Consider the widely-watched factory takeover staged by Vicente Rangel and the other 200 mostly immigrant (80 percent) workers laid-off on December 5th by owner the Republic Door and Window manufacturing plant in Chicago. Demanding severance and accrued vacation pay after the factory owner gave them just three days notice before closing the plant down, Rangel and his fellow workers’ took over the plant and, in the process, garnered global attention. And in an act not seen from a President or President-elect since worker unrest forced Franklin Delano Roosevelt to speak about the growing worker militancy of the 1930s, President-elect Barack Obama, made favorable mention of the factory takeover in a speech delivered shortly after it happened.

Media outlets from around the world are still calling Rangel’s union; Workers from across the country are also calling the United Electrical, Radio and Machine Workers union to speak with Rangel and other workers who have become rock stars of the labor movement, something that still surprises Rangel.

“I never thought we’d get this kind of attention” said Rangel, a 34 year old parent from Michoacan, Mexico who migrated, he says, because “it was so poor where I came from, there were only two options: the military or migrate.”

Twenty years after he migrated from Michoacan, a region with a long tradition of labor and political militancy, Rangel found himself drawing on the traditions of struggle of both his rural homeland and his urban home.

“When we were in the factory, I thought about the great ones who came before us – Emiliano Zapata, Pancho Villa and others were accused of being criminals like immigrants are now. I also thought of what Martin Luther King had to suffer through and how big all these struggles are,” said Rangel from his union hall. “Respeto, dignidad. We were not asking for what we didn’t deserve.

Since winning back over $1.75 million in monies and benefits owed them, Rangel and his fellow workers have decided to invest in a ‘Window of Opportunity Fund’ to reopen a newer, better plant. “We want to incentivize others to invest so we can create green jobs and do recycling that helps save the planet,” said a smiling Rangel, who added “and we hope to inspire others.”

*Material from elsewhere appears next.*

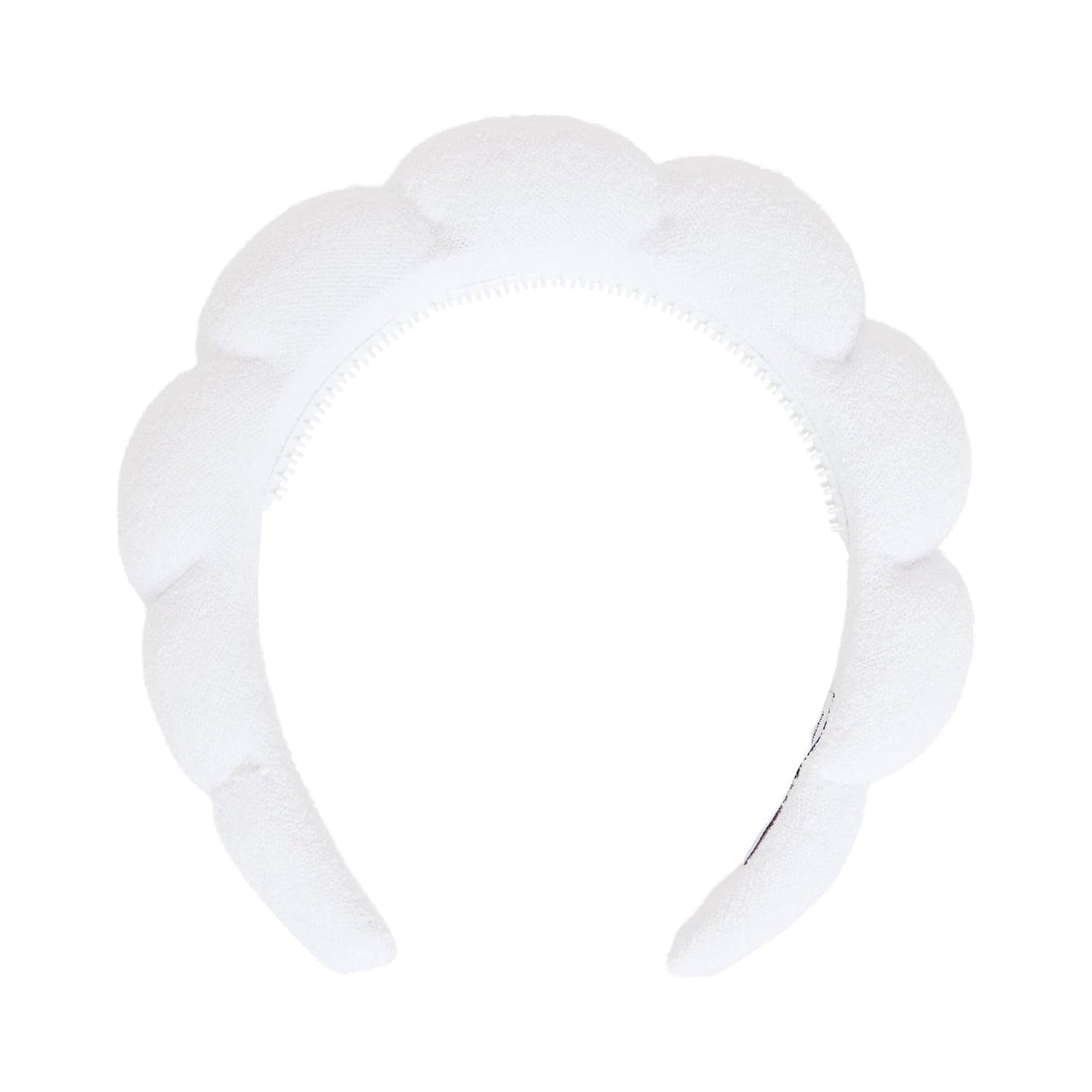 The Crème Shop Cloud Bubble Headband Fiji Clouds, Spa Headband for Washing Face, Skincare Headbands (White)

Apparently, Rangel and the Republic workers’ holiday hope is already generating hope across geographic, cultural and linguistic boundaries.

“I don’t have a job right now,” said 53, year-old Ling Gan in Mandarin. “But when I saw [the Republic workers sit-in], I felt very inspired because their struggle to protect their rights is the same as ours.”

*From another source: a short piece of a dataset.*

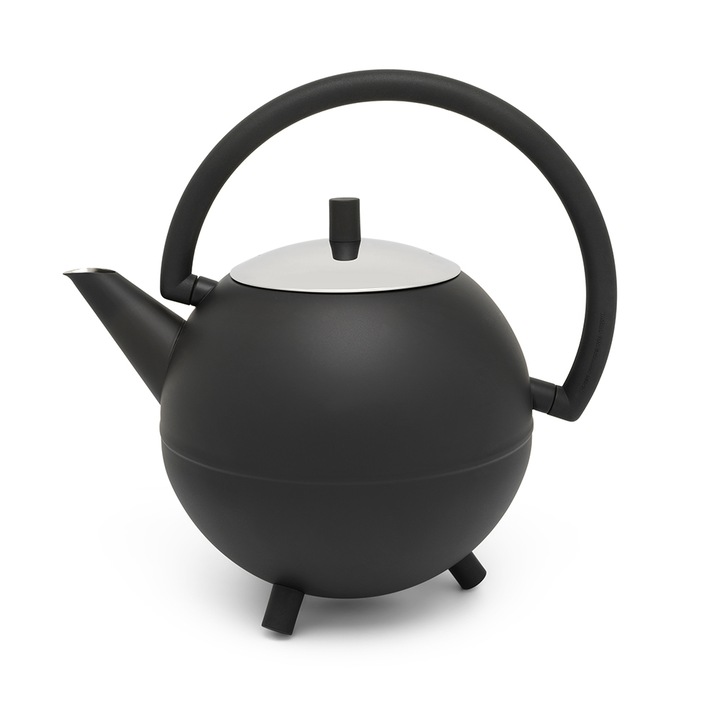 Термичен чайник, Bredemeijer Saturn, Неръждаема стомана, 1.2L, Черен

Gan, one of several workers at the New On Sang poultry workers in San Francisco’s who are protesting because, they say, they too are owed wages from their former employer since last September. Gan and his fellow workers are have staged strikes and protests targeting New Ong Sang’s owner, who, he says, “has cheated us because she thinks we don’t understand the laws.”

Like Rangel, Guangzhou native Gan also draws on traditions of both his homeland and his new home in his pursuit of “justice.”

“It’s a myth that Chinese are ‘passive,’ “ says Gan. “In the United States, we feel that we’re in a country of laws and we came with great trust in the legal system and will use it fight for our rights until we win back what we’re owed.”

While he is motivated by events in the Chicago factory, Gan also sees his own fight with New Ong Sang as a way to encourage others, especially because of the feeling of “I can’t pay rent, let alone buy gifts for holiday,” he says.

“But my hope is that the that the public will feel even greater sympathy towards workers experiencing these kinds of problem – and that it inspires others in a similar situation.”

2 Responses to “Hope for the Holidays”

  1. Monte Says:

    Thank you for these moving stories – they bring hope and determination to me!

  2. Joanna Says:

    Best wishes for the holiday for you and your loved ones. I appreciate your work, your stories, and your inspiration!